Norderstedt/Kiel. Urteilsverkündung vor dem Landgericht Kiel – die Bande hatte elf Fahrzeuge im Wert von etwa 200.000 Euro gestohlen – mit einem Trick.
Sie spiegelten Wohnmobil-Anbietern in Schleswig-Holstein Kaufinteresse vor, kamen zur „Probefahrt“, ließen Kopien der Schlüssel anfertigen und tauschten diese heimlich mit den Originalschlüsseln. Mit diesem Trick holten die Diebe später unbemerkt die bis zu 50 000 Euro teuren Fahrzeuge vom Hof.
Im Prozess gegen eine Bande von Wohnmobildieben, die 2018 in Norderstedt, Lübeck, Ratzeburg und Ahrensburg sowie im nördlichen Hamburger Umland insgesamt elf hochwertige Fahrzeuge im Wert von jeweils bis zu 50.000 Euro entwendete, hat das Kieler Landgericht am Donnerstag drei Angeklagte zu Freiheitsstrafen bis fünf Jahre und vier Monate verurteilt.
Das härteste Strafmaß von knapp fünfeinhalb Jahren trifft den Chef der Hamburger Bande. Der seit 1995 mehrfach einschlägig vorbestrafte Mann (48) aus Montenegro hatte als Drahtzieher und Familienoberhaupt seine drei (Zieh-)Söhne in mehr als 20 Taten eingebunden. Die Hälfte der Vorwürfe betrifft gewerbsmäßigen Betrug und Urkundenfälschung beim Verkauf des Diebesguts. Die Käufer der elf gestohlen gemeldeten Fahrzeuge mussten ihr vermeintliches „Schnäppchen“ schon bei der Ummeldung wieder abgeben. Ihren Gesamtschaden von etwa 200.000 Euro müssen laut Urteil die Angeklagten tragen.
Der Junior im Quartett war zur Tatzeit noch keine 21 Jahre alt, deshalb war die Jugendkammer zuständig. Der von der Familie aufgenommene „Ziehsohn“ des Bandenchefs war bereits im Dezember 2021 vom Landgericht Hamburg zu fünf Jahren Jugendstrafe verurteilt worden – wegen Drogenhandels und Trickbetrugs als falsche Polizeibeamte. Die Jugendkammer bezog die fünfjährige Vorstrafe in ihr Urteil mit ein und erhöhte sie nicht weiter. Zur Begründung erinnerte der Vorsitzende daran, dass die Haftdauer im Jugendrecht nach erzieherischen Maßstäben bemessen wird. Mehr als fünf Jahre seien nur bei schwersten Gewalt- und Sexualstraftaten vorgesehen. Ein leiblicher Sohn (30) des Haupttäters war nur an zwei Taten beteiligt. Er kam mit einem Jahr und zwei Monaten auf Bewährung davon. Drei Jahre lang darf er sich jetzt nichts weiter zu Schulden kommen lassen, sonst droht die Verbüßung der Haftstrafe. Die Kammer unterstellte ihn der Aufsicht der Bewährungshilfe. Das Urteil beruht auf einer Verständigung, die das Gericht zur Verkürzung des Prozesses mit der Staatsanwältin und der Verteidigung getroffen hatte. Eine umfangreiche Beweisaufnahme hätte das Gericht noch weitere Wochen und Monate beschäftigen können.

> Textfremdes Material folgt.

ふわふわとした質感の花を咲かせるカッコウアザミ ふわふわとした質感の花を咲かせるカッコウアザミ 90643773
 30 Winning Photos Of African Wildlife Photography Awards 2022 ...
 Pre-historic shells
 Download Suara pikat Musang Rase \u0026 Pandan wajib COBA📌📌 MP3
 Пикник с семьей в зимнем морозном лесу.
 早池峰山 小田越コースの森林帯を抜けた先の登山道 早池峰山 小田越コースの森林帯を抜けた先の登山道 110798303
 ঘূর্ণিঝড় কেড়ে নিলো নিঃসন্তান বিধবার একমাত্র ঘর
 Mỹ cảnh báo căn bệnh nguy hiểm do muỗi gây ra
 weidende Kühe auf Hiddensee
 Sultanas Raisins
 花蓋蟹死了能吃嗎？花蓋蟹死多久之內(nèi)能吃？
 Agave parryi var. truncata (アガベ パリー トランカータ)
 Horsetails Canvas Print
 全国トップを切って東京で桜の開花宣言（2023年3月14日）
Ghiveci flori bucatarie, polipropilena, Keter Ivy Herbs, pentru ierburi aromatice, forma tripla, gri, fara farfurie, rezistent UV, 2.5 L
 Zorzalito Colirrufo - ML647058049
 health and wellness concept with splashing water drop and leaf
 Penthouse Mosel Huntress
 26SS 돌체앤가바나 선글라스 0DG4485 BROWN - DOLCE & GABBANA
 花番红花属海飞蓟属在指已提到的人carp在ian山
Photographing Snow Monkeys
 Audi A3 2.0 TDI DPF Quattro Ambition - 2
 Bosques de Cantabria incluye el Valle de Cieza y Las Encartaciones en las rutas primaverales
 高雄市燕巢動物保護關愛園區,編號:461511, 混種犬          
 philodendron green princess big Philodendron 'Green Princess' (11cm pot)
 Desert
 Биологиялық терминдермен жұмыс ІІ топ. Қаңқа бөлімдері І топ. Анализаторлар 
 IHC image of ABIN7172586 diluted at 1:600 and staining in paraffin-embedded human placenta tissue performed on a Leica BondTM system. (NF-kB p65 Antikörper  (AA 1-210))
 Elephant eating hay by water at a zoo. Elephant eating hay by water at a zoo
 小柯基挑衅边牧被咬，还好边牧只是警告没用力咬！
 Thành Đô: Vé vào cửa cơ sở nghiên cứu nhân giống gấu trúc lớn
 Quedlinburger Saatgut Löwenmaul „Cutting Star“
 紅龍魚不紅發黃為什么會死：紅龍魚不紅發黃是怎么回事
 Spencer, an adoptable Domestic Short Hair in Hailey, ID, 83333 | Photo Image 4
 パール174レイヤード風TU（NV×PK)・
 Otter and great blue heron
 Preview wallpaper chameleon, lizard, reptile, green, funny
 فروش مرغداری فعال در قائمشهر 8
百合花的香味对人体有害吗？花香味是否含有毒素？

Die Bande war im Besitz von Blanko-KFZ-Zulassungen
Tatorte waren wie berichtet Lübeck, Ratzeburg, Ahrensburg, Hamburg sowie Städte und Gemeinden in den Kreisen Segeberg, Stormarn und Lauenburg. Weil der Hamburger Verteidiger eines weiteren Bandenmitglieds vor den Plädoyers erkrankte, trennte die Kammer dessen Verfahren ab. Gegen den 26-Jährigen wird im März weiterverhandelt, kündigte der Vorsitzende an. Bereits 2015 hatte der Bandenchef aus einer Behörde amtliche Blankodokumente für Zulassungsbescheinigungen gestohlen. Zur Herstellung gefälschter Kfz-Papiere füllte er sie mit einer alten Typenradschreibmaschine aus. Im Dezember 2018 schöpfte eine Kaufinteressentin Verdacht und wollte die Fälschungen fotografieren. Danach flog die Bande auf. Nach umfangreichen Ermittlungen erhob die Staatsanwaltschaft im Februar 2021 Anklage. Im August erließ das Amtsgericht Norderstedt Haftbefehl gegen den Bandenchef. Seitdem sitzt der 48-Jährige in U-Haft.